Queen's Road Central and Other Stories

by Matthew Harrison

Phaeton, $78

This first collection of short stories by Matthew Harrison, a Hong Kong resident for 20 years, is good enough for readers to be eager to know what he'll publish next - and to wonder if he's on the right track.

The eight stories, of uneven length, are named after Hong Kong roads or places, and the detailed descriptions they contain of Hong Kong are good and generally seem highly accurate. It's disconcerting, therefore, to read the disclaimer on the title page: 'The geography of the places mentioned has been distorted, the objective being to capture the spirit of place rather than represent actual places.'

There's a similar disclaimer about the people, episodes and institutions in the stories. People and episodes, we can believe. But the institutions? Certainly, we can make pretty shrewd guesses as to the clubs, restaurants and bars described. And here the occasional inaccuracy would have been better corrected.

It's common advice that one should write about what one knows. It's admirable that Harrison considers the lives of the female bond traders, office managers, secretaries and clerks who populate these stories to be interesting and worthy of compassion. The varied points of view are also admirable. But would it have been better for him to write consistently from the perspective of the expatriate male colleague or acquaintance who most often forms the semi-romantic interest in these tales? By placing himself in the shoes and short skirts of these women and imagining their thoughts and reactions, as he so often does, he reduces their credibility and creates only slight differentiation between them.
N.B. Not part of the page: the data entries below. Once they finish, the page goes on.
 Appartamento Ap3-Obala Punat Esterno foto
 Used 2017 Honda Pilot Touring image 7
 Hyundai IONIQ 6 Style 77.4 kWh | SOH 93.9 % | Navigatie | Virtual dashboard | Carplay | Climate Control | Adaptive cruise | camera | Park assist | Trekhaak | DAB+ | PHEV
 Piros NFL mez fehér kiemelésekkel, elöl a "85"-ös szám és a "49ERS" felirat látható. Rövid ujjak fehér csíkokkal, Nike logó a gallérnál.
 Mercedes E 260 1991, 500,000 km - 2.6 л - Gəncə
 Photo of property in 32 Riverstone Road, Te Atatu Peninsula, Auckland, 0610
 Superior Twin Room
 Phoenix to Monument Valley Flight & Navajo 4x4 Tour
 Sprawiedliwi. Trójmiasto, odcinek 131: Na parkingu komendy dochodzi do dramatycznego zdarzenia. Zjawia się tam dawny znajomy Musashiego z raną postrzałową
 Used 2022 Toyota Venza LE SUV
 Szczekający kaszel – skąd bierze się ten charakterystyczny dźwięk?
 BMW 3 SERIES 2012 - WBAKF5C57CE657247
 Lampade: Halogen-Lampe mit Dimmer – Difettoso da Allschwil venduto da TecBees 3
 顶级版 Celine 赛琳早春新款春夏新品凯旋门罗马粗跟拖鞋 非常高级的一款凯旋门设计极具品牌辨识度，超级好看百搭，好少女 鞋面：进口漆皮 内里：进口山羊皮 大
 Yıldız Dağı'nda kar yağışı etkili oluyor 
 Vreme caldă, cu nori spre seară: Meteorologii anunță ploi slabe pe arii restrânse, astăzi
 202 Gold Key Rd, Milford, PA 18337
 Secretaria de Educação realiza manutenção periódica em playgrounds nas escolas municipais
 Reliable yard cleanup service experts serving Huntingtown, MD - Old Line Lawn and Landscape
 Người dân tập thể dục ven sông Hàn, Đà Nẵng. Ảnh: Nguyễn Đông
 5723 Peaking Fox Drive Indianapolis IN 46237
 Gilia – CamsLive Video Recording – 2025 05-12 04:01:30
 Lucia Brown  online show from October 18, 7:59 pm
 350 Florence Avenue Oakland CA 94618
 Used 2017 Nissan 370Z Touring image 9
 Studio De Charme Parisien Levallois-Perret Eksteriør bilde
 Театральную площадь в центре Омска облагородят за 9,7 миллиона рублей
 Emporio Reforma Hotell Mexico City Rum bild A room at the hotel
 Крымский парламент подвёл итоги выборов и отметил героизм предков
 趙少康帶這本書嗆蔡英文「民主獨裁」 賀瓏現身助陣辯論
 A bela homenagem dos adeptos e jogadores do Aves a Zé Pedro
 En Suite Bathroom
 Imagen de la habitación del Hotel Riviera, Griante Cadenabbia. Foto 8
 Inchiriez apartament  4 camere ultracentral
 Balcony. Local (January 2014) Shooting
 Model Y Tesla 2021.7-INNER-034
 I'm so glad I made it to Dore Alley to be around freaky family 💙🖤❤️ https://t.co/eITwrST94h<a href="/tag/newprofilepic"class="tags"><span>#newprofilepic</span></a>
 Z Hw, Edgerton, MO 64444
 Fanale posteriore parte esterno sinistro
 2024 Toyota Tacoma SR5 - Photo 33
He also reduces the acceptability of the cultural and cross-cultural information that he proffers.

At times, one senses in the subjects and style of these stories a debt to Somerset Maugham; at other times to Guy de Maupassant. There's certainly a fair degree of unpleasantness and lubriciousness. I'd counsel any novice in the art of kissing to ignore the description given in Pedder Street.

The overwhelming impression made by these stories is of Harrison's energetic interest in the details of Hong Kong's street scenes and particularly in one cross-section.

Other works of fiction have already been set in the world of Hong Kong academe and among powerful Eurasian families. Here, it's the turn of the office workers, traders and bankers of Central.

Harrison refers to cross-border marriages, single-parent families and sexual harassment by female bosses. He describes what it must be like to solicit signatures in an all-day signature campaign and to take part in a poorly attended protest march.

In the longest piece, he describes one young woman's involvement in the right of abode issue - but, disappointingly, shies away from actual events, stating that, 'the demonstration mentioned in Chater Garden is not based upon any actual demonstration'. Perhaps in future he'll throw aside pretence and unabashedly go for historical writing, set in modern Hong Kong. Perhaps even a novel, where the reader has more time to get to know the central characters. Harrison's eye for an image and the details of human behaviour are among the strengths he could bring to it.

The author's cover and chapter illustrations are delightful.